L’attore secondo Diderot e Rousseau
Divano La rubrica a cura di Alberto Olivetti
Divano La rubrica a cura di Alberto Olivetti
Denis Diderot (1713-1784) avverte come sia maturata nell’epoca sua l’esigenza di una radicale riforma dell’arte teatrale. L’interesse di Diderot per il teatro risale a quando era scolaro dei padri gesuiti nel collegio Louis-le Grand. La ratio studiorum dei gesuiti riservava grande attenzione alla dimensione conoscitiva che reca agli studi l’exercicio della ‘ragione’ teatrale. Ha scritto in proposito Yvon Belaval trattando del diderotiano Paradoxe sur le comédien: «La sala di spettacolo si affianca dappertutto alla sala di studio. Gli allievi (per la maggior parte figli di famiglie nobili, che bisogna educare alle belle maniere) recitano le parti; e sarebbe molto sorprendente che Diderot non abbia fatto, a Louis-le-Grand, apprendistato d’attore».

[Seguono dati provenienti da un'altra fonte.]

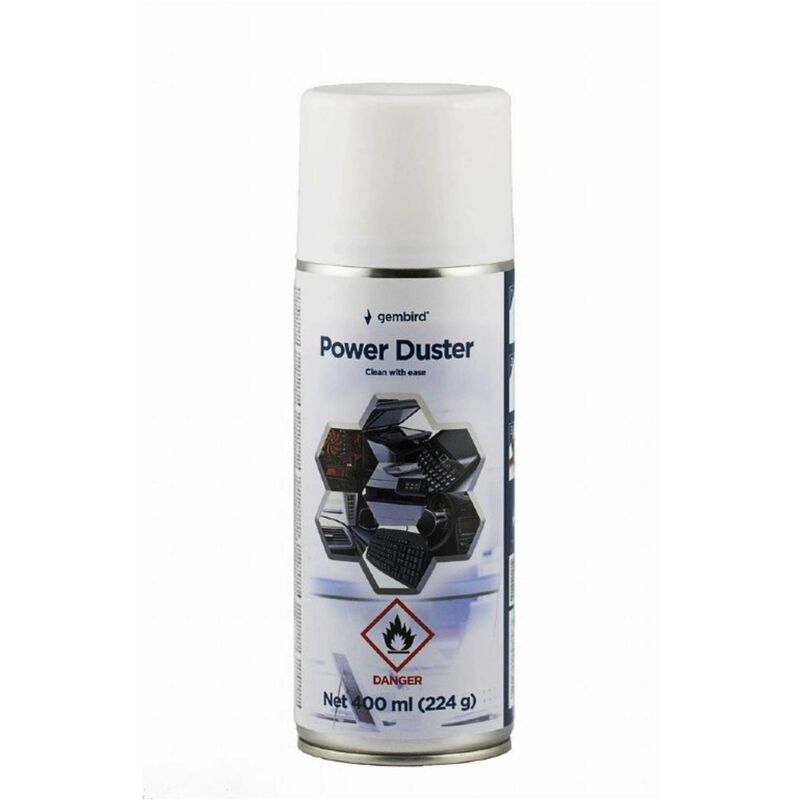 foto del prodotto gembird bomboletta pulitore ad aria compressa 400ml ck cad fl400 01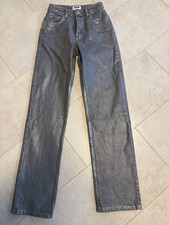 Damen Jeans 32 Grau Schimmer TALLY WEiJL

Ma tant’è. Alla questione d’una riforma del teatro che nel 1759 muove l’interesse del Jean Jacques Rousseau della Lettre à d’Alembert sur le spectacles, Diderot aveva già allora dedicato ragguardevoli riflessioni in scritti quali gli Entretiens sur le ‘Fils naturel’ (la commedia che Diderot scrive nel 1757) e, nel 1758, il Discours sur la poésie dramatique, quando licenzia Il padre di famiglia (la sua seconda prova di autore drammatico). La Lettre di Rousseau, come si sa, diede avvio ad una polemica nella quale, tra gli altri, intervennero Friedrich Melchior Grimm nella Correspondance littéraire del 15 aprile 1759, Augustin Louis de Ximénès con la Lettre à monsieur Rousseau sur l’effet moral du théâtre, Jean-François Marmontel con l’Apologie du Théâtre.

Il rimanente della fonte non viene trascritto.